[<prev] [next>] [<thread-prev] [thread-next>] [day] [month] [year] [list]
Message-ID: <f75d832e-4b5b-8c7c-d5d9-013f9d5cacef@molgen.mpg.de>
Date: Tue, 20 Nov 2018 23:25:00 +0100
From: Paul Menzel <pmenzel@...gen.mpg.de>
To: Heiner Kallweit <hkallweit1@...il.com>,
Andrew Lunn <andrew@...n.ch>
Cc: Realtek linux nic maintainers <nic_swsd@...ltek.com>,
"David S. Miller" <davem@...emloft.net>, netdev@...r.kernel.org,
linux-kernel@...r.kernel.org
Subject: Re: Realtek NIC uses over 1 Watt with no traffic
Dear Heiner,
Am 20.11.18 um 22:06 schrieb Heiner Kallweit:
> On 20.11.2018 21:31, Paul Menzel wrote:
[…]
>> Am 20.11.18 um 21:14 schrieb Heiner Kallweit:
>>> On 20.11.2018 15:45, Andrew Lunn wrote:
>>>> On Tue, Nov 20, 2018 at 09:40:25AM +0100, Paul Menzel wrote:
>>
>>>>> Using Ubuntu 18.10, Linux 4.18.0-11-generic, PowerTOP 2.9 shows, the NIC
>>>>> uses 1.77 Watts. A network cable is plugged in, but there is no real traffic
>>>>> according to `iftop`. Only an email program is running.
>>>>>
>>>>> $ lspci -nn -s 3:00.1
>>>>> 03:00.1 Ethernet controller [0200]: Realtek Semiconductor Co., Ltd.
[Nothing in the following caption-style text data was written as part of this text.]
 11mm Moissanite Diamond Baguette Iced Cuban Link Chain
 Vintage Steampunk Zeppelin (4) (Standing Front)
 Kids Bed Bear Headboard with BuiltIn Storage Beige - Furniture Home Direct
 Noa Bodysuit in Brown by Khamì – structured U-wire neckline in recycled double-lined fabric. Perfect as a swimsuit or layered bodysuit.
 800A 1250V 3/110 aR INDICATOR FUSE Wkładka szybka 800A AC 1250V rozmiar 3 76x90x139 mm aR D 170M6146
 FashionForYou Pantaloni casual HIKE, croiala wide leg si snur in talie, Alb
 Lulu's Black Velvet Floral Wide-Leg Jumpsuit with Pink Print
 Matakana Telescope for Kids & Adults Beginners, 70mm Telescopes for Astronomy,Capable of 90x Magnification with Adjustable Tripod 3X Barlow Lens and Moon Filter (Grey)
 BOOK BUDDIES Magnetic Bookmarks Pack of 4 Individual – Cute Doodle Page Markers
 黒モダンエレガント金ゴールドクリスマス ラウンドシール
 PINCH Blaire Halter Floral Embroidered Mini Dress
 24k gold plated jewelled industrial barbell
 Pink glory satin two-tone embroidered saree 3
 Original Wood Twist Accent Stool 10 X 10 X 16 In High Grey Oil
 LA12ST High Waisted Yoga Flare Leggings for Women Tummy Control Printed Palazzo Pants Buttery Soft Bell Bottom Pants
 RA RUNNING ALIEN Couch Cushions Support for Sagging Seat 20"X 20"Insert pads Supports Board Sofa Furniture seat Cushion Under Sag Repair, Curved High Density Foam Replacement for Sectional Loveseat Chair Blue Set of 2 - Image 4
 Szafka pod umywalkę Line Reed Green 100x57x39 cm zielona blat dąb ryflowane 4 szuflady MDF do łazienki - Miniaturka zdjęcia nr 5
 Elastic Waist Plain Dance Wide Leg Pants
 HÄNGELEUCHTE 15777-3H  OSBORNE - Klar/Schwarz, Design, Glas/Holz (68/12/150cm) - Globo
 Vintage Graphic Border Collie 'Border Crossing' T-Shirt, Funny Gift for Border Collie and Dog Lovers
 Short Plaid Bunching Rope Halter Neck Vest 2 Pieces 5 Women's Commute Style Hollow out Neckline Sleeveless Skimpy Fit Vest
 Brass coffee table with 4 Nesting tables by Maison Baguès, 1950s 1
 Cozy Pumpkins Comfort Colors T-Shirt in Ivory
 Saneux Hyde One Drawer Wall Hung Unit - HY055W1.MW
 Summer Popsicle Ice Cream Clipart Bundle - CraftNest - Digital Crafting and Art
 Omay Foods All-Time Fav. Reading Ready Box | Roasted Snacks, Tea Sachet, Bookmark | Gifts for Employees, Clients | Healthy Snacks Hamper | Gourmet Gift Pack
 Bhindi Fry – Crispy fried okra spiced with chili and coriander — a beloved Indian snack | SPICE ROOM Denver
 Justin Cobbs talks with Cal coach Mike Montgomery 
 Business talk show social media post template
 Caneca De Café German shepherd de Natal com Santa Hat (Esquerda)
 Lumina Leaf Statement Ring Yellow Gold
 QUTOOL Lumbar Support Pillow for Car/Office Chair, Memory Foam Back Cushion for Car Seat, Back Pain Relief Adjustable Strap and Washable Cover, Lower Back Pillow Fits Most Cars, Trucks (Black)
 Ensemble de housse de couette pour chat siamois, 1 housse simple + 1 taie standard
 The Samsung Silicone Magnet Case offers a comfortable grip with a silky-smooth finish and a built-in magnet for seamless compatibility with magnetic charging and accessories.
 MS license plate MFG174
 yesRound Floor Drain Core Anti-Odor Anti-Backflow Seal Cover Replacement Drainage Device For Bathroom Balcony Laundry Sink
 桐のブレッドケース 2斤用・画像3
>>>>> RTL8111/8168/8411 PCI Express Gigabit Ethernet Controller [10ec:8168] (rev
>>>>> 12)
>>>>>
>>>>> Is that a measurement error, or does the NIC really need that much power?
>>
>>>> This sounds like Energy Efficient Ethernet, EEE, is not enabled.
>>>>
>>>> What does ethtool --show-eee ethX say?
>>
>> $ sudo ethtool --show-eee enp3s0f1
>> Cannot get EEE settings: Operation not supported
>>
>>> The r8169 driver doesn't support the get_eee ethtool_ops callback.
>>> For certain chip versions EEE gets enabled in the PHY init, for others
>>> not and some don't seem to support EEE at all.
>>>
>>> Apart from EEE one important factor affecting power consumption is ASPM.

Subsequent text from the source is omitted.